Das ist einer der Gründe, weshalb das Pfarrhaus in der DDR so politisch werden konnte. Nach dem Dritten Reich gab es keine Entschuldigung mehr: Luthers "Zwei-Reiche-Lehre" hatte ausgedient. Für Opportunis¬mus und Mitläufertum gab es keine moralische Rechtfertigung mehr.

"Das ist ein ziemlich einmaliger historischer Lernprozess, dass da eine Institution wie das Pfarrhaus die Konsequenzen gezogen hat aus einer historischen Verfehlung."

Hier schließt sich der Kreis. Die geläuterten Protestanten sind politikfähig geworden, und sie treffen den Zeitgeist. Neben den vermeintlichen Märchenprinzen wie Karl-Theodor zu Guttenberg oder Christian Wulff sind die Protestanten politisch erfolgreich, weil sie für christliche Werte einstehen, die dem Gemeinwohl dienen.

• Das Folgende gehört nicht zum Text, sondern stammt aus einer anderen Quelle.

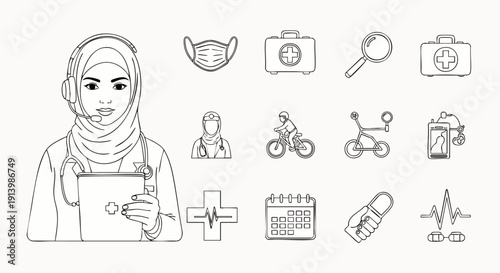 Muslim woman doctor in hijab with headset and tablet, surrounded by medical and health icons, representing telemedicine and digital healthcare services.
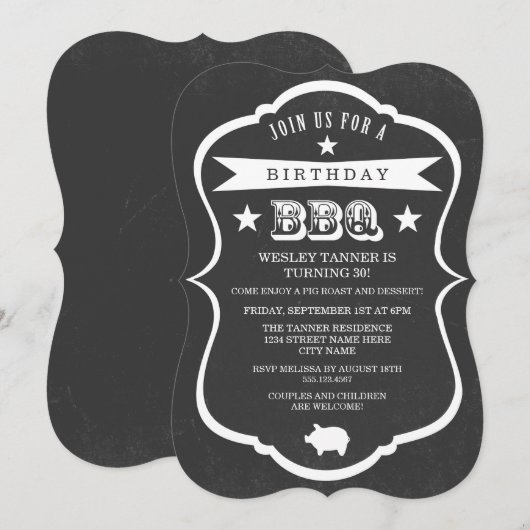 Chalkboard Barbecue Birthday Party Invitation Kaart (Voorkant / Achterkant)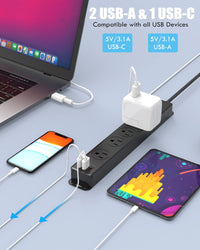 Surge Protector Power Strip with USB C Ports, 10FT Braided Extension Cord, 5 Outlets and 3 USB Ports(1 USB C),  Mountable Power Strips Flat Plug with Overload Protection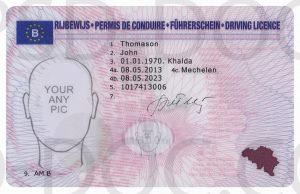 Belgium Driver License Front Back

"In der Bibel ist zum Beispiel das Armutsgebot durch Jesus sehr, sehr stark präsent. Er hat auch gesagt: Verschenkt euer Hab und Gut! Die materiellen Güter haben keinen hohen Stellenwert. Und im Protestantismus geht es dann so weit, dass eigentlich Kategorien wie Bescheidenheit, Demut und Verzicht auf Prachtentfaltung wesentlich zum Selbst¬verständnis dazugehören. Mit anderen Worten: Ein Pfarrer mit der Rolex wäre undenkbar."